### Data section

# # #

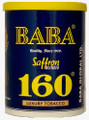 Baba 160 Saffron.Luxury gutkha-50g. EXPORT USA Freeship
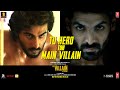 Dialogue Promo 04:Ek Villain Returns- Tu Hero Toh Main Villain | JOHN, DISHA, ARJUN, TARA |Bhushan K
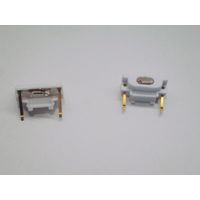 Ampoule a fiches 220V pour appareillage étanche à voyant SAREL ENN34104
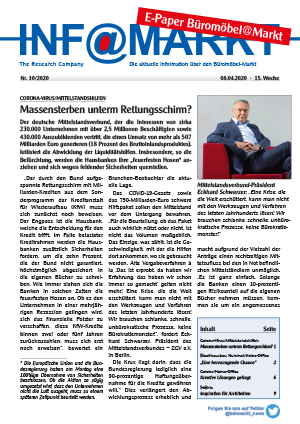Ausgabe 10 / 2020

# # #

### Exercise brief
Write out all of the data above exactly, without any of its pictures.

### Answer box
 Baba 160 Saffron.Luxury gutkha-50g. EXPORT USA Freeship
 Dialogue Promo 04:Ek Villain Returns- Tu Hero Toh Main Villain | JOHN, DISHA, ARJUN, TARA |Bhushan K
 Ampoule a fiches 220V pour appareillage étanche à voyant SAREL ENN34104
Ausgabe 10 / 2020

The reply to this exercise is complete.